- Opening Delimiter -

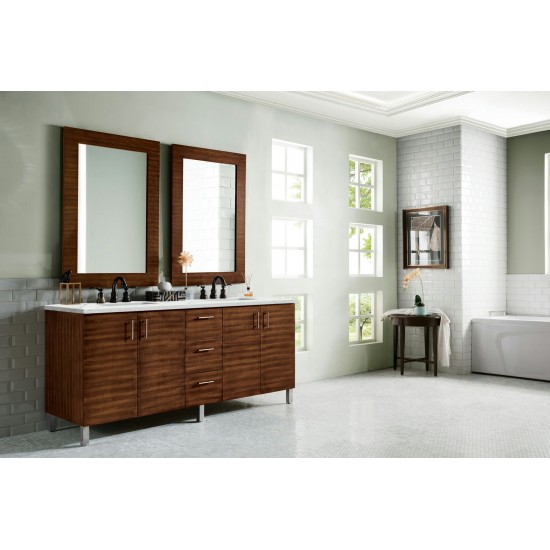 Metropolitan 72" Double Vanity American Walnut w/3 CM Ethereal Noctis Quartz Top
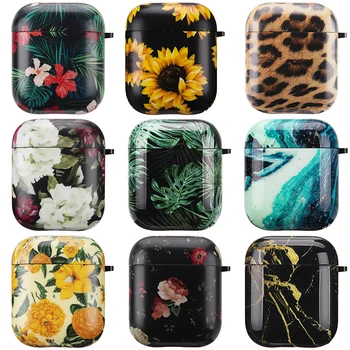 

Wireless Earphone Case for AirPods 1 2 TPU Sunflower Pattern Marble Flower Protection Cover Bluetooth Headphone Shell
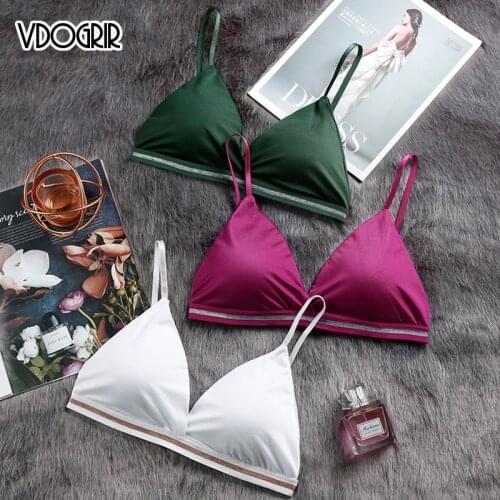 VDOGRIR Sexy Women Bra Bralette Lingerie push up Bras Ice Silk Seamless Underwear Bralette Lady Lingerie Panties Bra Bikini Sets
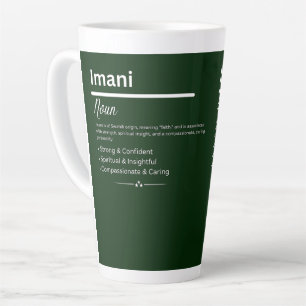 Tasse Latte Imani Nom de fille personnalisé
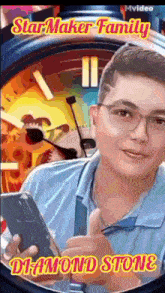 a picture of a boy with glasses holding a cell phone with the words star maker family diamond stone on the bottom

- Closing Delimiter -

REQUIRED WORK → The listing must be returned in full and exactly, apart from its pictures.

ANSWER TO THE PROBLEM →
 Metropolitan 72" Double Vanity American Walnut w/3 CM Ethereal Noctis Quartz Top

Wireless Earphone Case for AirPods 1 2 TPU Sunflower Pattern Marble Flower Protection Cover Bluetooth Headphone Shell
 VDOGRIR Sexy Women Bra Bralette Lingerie push up Bras Ice Silk Seamless Underwear Bralette Lady Lingerie Panties Bra Bikini Sets
 Tasse Latte Imani Nom de fille personnalisé
 a picture of a boy with glasses holding a cell phone with the words star maker family diamond stone on the bottom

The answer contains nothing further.